Read on November 05, 2012

Read by the author herself.

Blurb - A dramatic historical narrative of the man who stole the secret of tea from China.

In 1848, the British East India Company, having lost its monopoly on the tea trade, engaged Robert Fortune, a Scottish gardener, botanist, and plant hunter, to make a clandestine trip into the interior of China's territory forbidden to foreigners,to steal the closely guarded secrets of tea horticulture and manufacturing. For All the Tea in China is the remarkable account of Fortune's journeys into China; a thrilling narrative that combines history, geography, botany, natural science, and old-fashioned adventure.

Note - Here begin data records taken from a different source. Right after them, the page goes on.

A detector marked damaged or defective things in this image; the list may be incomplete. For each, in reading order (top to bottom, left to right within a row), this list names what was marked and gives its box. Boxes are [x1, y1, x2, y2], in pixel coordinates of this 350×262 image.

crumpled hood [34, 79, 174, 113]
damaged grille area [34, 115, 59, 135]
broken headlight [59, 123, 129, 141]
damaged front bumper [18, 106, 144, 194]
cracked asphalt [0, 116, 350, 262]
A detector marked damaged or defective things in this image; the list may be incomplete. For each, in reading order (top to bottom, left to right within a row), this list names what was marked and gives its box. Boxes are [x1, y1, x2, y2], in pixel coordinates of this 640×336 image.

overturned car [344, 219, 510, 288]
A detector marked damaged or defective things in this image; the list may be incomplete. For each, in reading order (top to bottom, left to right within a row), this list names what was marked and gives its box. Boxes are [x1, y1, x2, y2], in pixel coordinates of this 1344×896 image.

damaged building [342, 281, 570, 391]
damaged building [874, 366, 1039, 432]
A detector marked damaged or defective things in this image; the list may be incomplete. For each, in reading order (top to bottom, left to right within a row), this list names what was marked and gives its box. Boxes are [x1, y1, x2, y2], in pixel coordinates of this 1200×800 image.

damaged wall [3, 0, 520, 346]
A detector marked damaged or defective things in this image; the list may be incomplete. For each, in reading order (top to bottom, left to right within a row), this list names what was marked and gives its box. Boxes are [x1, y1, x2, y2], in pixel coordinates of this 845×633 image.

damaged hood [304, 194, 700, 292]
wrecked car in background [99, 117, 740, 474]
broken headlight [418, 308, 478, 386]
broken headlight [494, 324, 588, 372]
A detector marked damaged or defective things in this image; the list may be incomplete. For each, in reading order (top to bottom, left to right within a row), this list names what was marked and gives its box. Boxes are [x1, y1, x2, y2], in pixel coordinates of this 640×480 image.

Disguised in Mandarin robes, Fortune ventured deep into the country, confronting pirates, hostile climate, and his own untrustworthy men as he made his way to the epicenter of tea production, the remote Wu Yi Shan hills. One of the most daring acts of corporate espionage in history, Fortune's pursuit of China's ancient secret makes for a classic nineteenth-century adventure tale, one in which the fate of empires hinges on the feats of one extraordinary man.

Camellia sinensis:

Robert Fortune, the tea thief. From wiki: Robert Fortune (16 September 1812 – 13 April 1880) was a Scottish botanist, plant hunter and traveller, best known for introducing tea plants from China to India. Robert Fortune was born in Britain on 16 September 1812, at Kelloe, Berwickshire.

This does have the tang of 'must publish my dissertation or bust', feeling; the author delivers this in rather a dramatic and staccato'd fashion.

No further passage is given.